Remembering Julia Rintoul Campbell

Julia succumbed to influenza and bronchitis on the 23rd of December 1918 at Ravenswood, Causewayhead, Stirling aged thirty-three. Her grave is located in the nearby Churchyard of Logie Old Kirk. She rests in a familial lair which includes her paternal grandparents, parents and some of her siblings.

Julia was born in Stirling on the 29th of November 1886 to joiner Alexander and Julia Sr (nee Moir). She was their fifth child and second daughter. When the Census was taken in 1891, Julia Jr aged four was not residing in the family home at 19 Spittal Street. Instead she was living with her maternal grandparents in the village of Methven to the west of Perth.
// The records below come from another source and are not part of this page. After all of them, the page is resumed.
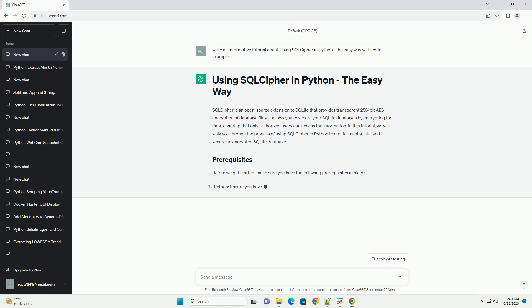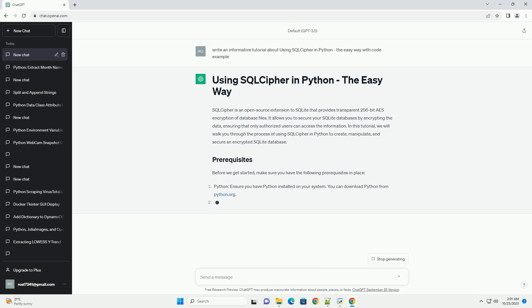SQL Cipher — download and install SQL Cipher from the official SQL Cipher website: https://www.zetetic.net/sqlcipher.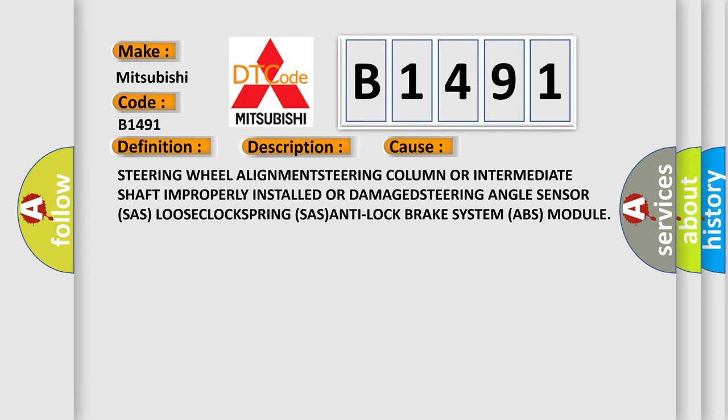This diagnostic error occurs most often in these cases: steering wheel alignment, steering column, or intermediate shaft.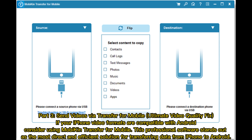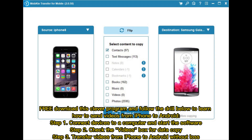Part three: send videos via Transfer for Mobile — the ultimate video quality fix. If your iPhone video formats are incompatible with Android, consider using MobiKin Transfer for Mobile. This professional software is the most direct and efficient solution for transferring data from iPhone to Android. Step one: connect devices to a computer and start the software. Step two: check the videos box for data copy. Step three: transfer videos from iPhone to Android without loss.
Ten years later, a fourteen year old Julia was .living in the familial home, by which time her two eldest siblings no longer resided there, meaning that there would be more room.

At some point between 1901 and 1910 the Campbell family relocated to the suburb of Causewayhead. Sadly, Julia Sr died of pancreatic cancer on the 13th of February 1910 aged fifty-five. When the Census was taken the following year, Julia Jr aged twenty-seven still resided at Ravenswood with her father, elder brother Robert, two sisters Janet and Lillias and her youngest brother Alexander Jr.

Like the bulk of households in the United Kingdom, the First World War left its mark on the Campbell family when on the 15th of November 1916 Robert fell in France aged thirty-three.

Julia was unmarried at her death. Like many women of her generation, her boyfriend or even fiance may have been killed on the battlefields or died of wounds later on. Alexander Sr remained at Ravenswood. He died at home from “pulmonary congestion” on the 23rd of November 1929 aged eighty-nine.